For the list of implemented algorithms see here.

You can also find the reproduction and evaluation results of each algorithm here.
Note that you may not get completely the same results when running the reproduction code on your computer. The result may slightly change depending on your machine, nnabla/nnabla-rl's package version, etc.

Seemless switching of online and offline training

In reinforcement learning, there are two main training procedures, online and offline, to train the agent. Online training is a training procedure that executes both data collection and network update alternately.
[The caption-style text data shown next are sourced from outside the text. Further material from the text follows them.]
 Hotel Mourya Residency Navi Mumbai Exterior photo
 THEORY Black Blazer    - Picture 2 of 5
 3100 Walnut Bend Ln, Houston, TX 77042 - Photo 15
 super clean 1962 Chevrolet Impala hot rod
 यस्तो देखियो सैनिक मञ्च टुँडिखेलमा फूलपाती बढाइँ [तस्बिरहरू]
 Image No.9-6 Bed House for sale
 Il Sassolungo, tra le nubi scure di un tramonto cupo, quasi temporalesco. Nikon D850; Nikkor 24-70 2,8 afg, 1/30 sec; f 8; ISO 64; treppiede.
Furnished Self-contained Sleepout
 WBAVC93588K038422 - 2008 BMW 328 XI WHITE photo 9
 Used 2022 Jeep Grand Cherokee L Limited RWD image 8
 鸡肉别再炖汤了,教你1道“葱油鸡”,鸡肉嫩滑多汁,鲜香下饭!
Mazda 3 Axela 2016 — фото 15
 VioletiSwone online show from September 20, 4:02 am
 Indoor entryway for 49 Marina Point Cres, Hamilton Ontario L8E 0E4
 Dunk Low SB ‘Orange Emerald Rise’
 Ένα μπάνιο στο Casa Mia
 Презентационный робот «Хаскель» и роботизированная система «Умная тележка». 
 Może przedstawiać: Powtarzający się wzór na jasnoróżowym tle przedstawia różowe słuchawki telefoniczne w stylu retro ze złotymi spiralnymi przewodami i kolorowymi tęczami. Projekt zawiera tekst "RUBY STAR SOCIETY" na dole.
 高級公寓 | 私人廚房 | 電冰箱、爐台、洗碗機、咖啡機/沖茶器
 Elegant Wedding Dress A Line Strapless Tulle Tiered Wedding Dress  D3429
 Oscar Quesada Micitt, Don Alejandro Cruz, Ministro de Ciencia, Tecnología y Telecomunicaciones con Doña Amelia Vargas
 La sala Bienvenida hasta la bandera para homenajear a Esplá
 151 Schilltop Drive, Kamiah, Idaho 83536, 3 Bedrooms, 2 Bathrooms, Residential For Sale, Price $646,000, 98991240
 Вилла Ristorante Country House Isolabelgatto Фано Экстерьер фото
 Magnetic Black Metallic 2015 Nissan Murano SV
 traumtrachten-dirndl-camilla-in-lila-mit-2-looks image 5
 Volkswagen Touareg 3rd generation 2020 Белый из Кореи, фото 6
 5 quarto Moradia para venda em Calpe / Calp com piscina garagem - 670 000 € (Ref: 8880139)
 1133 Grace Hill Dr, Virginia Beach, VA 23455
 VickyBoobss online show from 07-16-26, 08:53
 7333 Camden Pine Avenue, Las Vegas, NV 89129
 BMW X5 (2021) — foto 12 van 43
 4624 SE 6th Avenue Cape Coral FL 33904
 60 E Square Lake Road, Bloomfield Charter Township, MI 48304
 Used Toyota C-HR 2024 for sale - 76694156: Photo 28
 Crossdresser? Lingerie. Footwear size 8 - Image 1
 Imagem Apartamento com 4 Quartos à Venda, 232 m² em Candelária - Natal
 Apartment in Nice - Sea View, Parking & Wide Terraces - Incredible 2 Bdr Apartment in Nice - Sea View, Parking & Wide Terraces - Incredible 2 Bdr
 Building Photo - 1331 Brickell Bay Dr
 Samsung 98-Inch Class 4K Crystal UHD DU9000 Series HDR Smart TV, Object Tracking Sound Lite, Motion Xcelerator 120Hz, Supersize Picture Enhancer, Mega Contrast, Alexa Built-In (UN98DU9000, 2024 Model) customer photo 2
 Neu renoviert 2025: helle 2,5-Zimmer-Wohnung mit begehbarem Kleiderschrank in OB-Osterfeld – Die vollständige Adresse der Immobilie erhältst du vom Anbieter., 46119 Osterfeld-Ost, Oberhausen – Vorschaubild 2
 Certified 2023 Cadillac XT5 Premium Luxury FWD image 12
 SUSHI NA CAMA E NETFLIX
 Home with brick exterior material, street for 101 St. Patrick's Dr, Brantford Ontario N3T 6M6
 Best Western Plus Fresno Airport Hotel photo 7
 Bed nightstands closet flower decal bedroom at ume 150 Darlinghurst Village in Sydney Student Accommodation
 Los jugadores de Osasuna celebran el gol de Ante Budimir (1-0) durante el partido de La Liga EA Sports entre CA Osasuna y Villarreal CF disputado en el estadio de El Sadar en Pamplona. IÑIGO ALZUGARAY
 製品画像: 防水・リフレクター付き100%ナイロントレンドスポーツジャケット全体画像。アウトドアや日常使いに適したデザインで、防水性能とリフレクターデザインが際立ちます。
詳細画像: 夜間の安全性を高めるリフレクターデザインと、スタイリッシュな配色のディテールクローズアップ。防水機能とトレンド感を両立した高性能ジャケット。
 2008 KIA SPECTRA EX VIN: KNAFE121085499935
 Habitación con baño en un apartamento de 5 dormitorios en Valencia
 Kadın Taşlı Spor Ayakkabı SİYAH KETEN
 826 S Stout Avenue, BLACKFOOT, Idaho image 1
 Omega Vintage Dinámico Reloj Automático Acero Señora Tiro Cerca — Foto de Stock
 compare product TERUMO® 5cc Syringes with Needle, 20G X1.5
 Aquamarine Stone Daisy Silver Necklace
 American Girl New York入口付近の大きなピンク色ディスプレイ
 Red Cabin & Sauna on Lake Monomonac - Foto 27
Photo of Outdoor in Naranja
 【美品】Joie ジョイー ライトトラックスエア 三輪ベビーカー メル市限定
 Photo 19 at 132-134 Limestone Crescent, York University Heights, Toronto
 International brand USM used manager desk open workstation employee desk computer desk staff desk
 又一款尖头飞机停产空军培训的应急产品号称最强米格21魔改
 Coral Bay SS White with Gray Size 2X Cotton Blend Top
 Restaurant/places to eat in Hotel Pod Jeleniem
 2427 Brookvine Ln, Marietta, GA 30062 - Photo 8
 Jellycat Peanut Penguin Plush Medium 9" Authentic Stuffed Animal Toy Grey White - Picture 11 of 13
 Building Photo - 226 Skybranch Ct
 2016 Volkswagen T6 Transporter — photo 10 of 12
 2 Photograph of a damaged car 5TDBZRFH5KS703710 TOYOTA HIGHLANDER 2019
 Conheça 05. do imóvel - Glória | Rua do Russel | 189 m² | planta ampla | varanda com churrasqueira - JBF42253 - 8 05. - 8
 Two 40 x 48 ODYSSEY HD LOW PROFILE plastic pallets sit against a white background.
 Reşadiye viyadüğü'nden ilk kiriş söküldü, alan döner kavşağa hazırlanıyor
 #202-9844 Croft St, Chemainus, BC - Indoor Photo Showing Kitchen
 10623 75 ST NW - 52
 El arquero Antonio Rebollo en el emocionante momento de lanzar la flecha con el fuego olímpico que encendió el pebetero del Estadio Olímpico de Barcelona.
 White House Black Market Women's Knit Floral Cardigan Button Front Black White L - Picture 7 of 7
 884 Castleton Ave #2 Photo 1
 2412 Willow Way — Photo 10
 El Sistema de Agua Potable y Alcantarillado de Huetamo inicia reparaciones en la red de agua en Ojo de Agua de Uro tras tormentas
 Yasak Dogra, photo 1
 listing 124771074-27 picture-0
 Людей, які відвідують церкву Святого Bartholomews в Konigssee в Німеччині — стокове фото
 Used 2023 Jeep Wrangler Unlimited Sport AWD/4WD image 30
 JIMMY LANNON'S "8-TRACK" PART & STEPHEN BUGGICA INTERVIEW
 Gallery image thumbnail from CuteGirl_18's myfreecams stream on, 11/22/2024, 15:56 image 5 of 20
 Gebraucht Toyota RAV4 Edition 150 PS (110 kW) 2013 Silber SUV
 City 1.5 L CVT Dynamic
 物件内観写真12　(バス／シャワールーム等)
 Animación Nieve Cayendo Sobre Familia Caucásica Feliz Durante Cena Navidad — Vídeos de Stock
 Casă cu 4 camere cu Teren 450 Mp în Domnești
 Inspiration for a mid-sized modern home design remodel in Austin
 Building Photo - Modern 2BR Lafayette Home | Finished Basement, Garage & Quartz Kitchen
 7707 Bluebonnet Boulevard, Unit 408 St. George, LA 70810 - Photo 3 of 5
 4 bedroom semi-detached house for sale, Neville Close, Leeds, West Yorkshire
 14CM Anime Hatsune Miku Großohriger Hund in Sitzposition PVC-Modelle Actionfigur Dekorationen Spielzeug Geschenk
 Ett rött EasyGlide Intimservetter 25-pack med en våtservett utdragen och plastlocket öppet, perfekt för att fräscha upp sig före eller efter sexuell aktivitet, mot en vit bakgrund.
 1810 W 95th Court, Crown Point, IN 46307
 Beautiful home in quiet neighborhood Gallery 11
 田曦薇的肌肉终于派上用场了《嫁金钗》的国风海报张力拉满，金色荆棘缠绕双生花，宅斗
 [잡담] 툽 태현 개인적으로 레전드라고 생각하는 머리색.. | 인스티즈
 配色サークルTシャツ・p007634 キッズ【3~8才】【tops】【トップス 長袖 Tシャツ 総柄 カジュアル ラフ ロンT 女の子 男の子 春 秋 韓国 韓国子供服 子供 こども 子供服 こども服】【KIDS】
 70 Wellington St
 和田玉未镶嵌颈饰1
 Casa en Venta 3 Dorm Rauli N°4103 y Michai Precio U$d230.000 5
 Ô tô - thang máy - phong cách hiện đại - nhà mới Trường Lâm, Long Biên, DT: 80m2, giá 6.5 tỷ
Conversely, offline training is a training procedure that updates the network using only existing data. With NNablaRL, you can switch these two training procedures seemlessly. For example, as shown below, you can easily train a robot's controller online using simulated environment and finetune it offline with real robot dataset.

import nnabla_rl
import nnabla_rl.algorithms as A

simulator = get_simulator() # This is just an example. Assuming that simulator exists
dqn = A.DQN(simulator)
# train online for 1M iterations
dqn.train_online(simulator, total_iterations=1000000)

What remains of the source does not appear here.